Over the years we have provided technical support to potential investors in several new rolling operations. These investors recognised that, by not involving technical expertise, they were at risk of not achieving the intended financial returns from their aluminium rolling plant.
At Innoval we have a very methodical approach to aluminium rolling plant design, as you can see by the flow diagram in figure 1. In this post I will explain a little about what’s involved in the early stages of this process.
Figure 1 highlights the need to optimise products and volumes in order to make best use of the chosen equipment and to increase the viability of the plant. This must be done with a good technical knowledge of product quality specifications, product margins and equipment capabilities.
When the product mix is defined, the plant equipment can be specified and the capital expenditure (CAPEX) and operational expenditure (OPEX) data calculated for use in a process cost model. The cost model is then used to evaluate financial performance and viability of the investment using metrics such as Internal Rate of Return (IRR) and Net Present Value (NPV) calculations.
If financial viability is not achieved then a significant change to the product mix and equipment may be required to achieve the desired financial return on investment.

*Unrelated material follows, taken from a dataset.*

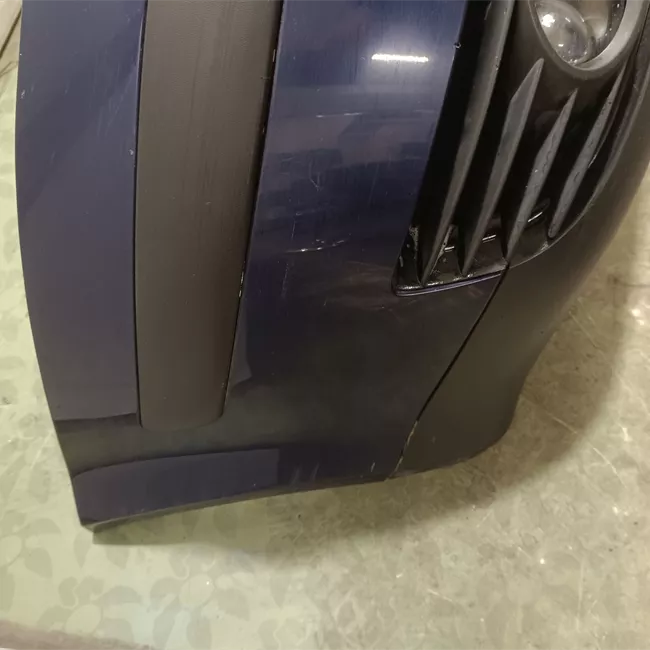 Paraurti anteriore con mano di fondo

Once a viable configuration has been achieved then the project can move forward to more detailed studies and then on to construction and operation.
The first step in designing a new aluminium rolling plant is a thorough analysis of the potential home and export markets for the plant’s products. As a technical partner, we can add a useful end-user perspective to compliment this analysis by verifying any assumptions and ensuring logical conclusions are obtained.
Data on product sale prices must be gathered for use later in cost modelling. Some products cost more to produce and so a high sale price does not necessarily result in a high profit for the business.
The analysis must include an assessment of the competitors active within the same markets, either locally or abroad. Decisions to compete locally or within export markets can have an impact on the product quality standards required. This can influence the choice of equipment in the plant.
The final outcome of this analysis will be the proposed product mix for the plant.
The exact product requirements will determine the choice of equipment and technology required in the aluminium rolling plant. For example, a state-of-the-art Hot Reversing Mill (HRM) followed by a 3 or 4 stand Hot Tandem Mill (HTM) is capable of rolling all products to world class quality requirements and has the largest capacity of all options. A coil-to-coil Hot Reversing Mill has a lower capacity and may result in different quality attributes for some products.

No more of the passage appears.